Login

Tahapan Budidaya Padi di Lahan Rawa

06 Mei 2020 13:44:10 | Berita & Artikel

Kementerian Pertanian masih terus menggalakkan pemanfaatan lahan rawa untuk produksi pangan. Baru sebagian kecil dari 25 juta hektar lahan rawa Indonesia yang dimanfaatkan untuk pertanian. Beberapa jenis tanaman telah diuji untuk hidup di lahan rawa, salah satunya adalah padi. Namun karena, kondisi lingkungan yang berbeda dengan lahan pertanian biasanya, budidaya yang dilakukan berbeda dari budidaya padi pada umumnya. Berikut adalah kegiatan budidaya padi pada lahan rawa.

Pengolahan tanah
Pengolahan tanah pada lahan rawa yang utama adalah membangun pematang. Pematang diperlukan untuk menahan air. Pengolahan tanah ini bisa menggunakan traktor, tapi bisa juga dilakukan secara manual, misalnya dengan mencangkul, asalkan kedalamannya terukur, yaitu sekitar 20 – 25 cm.

Kondisi lain yang perlu diperhatikan pada lahan rawa adalah kemungkinan menumpuknya kandungan logam dalam lahan. Agar kandungan logam ini berkurang atau hilang, drainase perlu dibuat. Saluran ini sebaiknya memiliki lebar 30 cm dengan kedalaman 20 cm, sementara jarak antar saluran air antara 6 – 10 cm.

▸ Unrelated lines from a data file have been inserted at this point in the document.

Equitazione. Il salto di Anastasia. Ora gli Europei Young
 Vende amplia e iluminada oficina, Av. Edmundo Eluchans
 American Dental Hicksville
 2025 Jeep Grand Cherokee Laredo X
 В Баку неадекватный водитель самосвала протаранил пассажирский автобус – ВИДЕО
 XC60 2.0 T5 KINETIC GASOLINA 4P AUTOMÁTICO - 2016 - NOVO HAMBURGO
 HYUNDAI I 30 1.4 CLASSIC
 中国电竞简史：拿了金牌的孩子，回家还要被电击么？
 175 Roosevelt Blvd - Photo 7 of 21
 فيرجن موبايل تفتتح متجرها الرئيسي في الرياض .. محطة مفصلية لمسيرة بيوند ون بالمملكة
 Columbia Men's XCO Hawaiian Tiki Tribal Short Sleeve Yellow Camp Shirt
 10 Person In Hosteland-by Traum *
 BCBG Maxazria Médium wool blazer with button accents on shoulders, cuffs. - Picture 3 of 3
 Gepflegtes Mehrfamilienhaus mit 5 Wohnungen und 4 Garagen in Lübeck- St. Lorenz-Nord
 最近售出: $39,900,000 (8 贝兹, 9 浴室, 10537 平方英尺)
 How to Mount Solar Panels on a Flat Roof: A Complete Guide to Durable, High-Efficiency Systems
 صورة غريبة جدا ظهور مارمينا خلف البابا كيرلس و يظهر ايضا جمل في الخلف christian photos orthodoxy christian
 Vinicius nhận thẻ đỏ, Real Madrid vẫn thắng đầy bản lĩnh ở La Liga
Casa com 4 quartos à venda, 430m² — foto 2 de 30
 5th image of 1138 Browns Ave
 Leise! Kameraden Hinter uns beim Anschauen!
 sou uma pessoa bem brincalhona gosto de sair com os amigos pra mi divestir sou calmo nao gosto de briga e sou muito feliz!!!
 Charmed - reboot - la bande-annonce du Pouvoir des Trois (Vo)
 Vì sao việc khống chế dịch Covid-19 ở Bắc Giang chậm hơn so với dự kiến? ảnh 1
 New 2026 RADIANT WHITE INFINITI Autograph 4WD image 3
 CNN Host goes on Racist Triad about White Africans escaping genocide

Lahan juga harus bersih dari gulma. Pembersihan gulma juga harus dilakukan saat lahan belum digenangi air, misalnya pada awal musim hujan atau menjelang musim kemarau saat genangan air surut.

Pemilihan benih
Lahan rawa memiliki kondisi yang berbeda dari lahan sawah. Lahan rawa cenderung memiliki tanah masam dan miskin unsur hara. Beberapa varietas padi yang sesuai untuk lahan rawa lebak adalah Inpari 43, Inpara 2, Inpara 3, Inpara 8, dan Inpara 9.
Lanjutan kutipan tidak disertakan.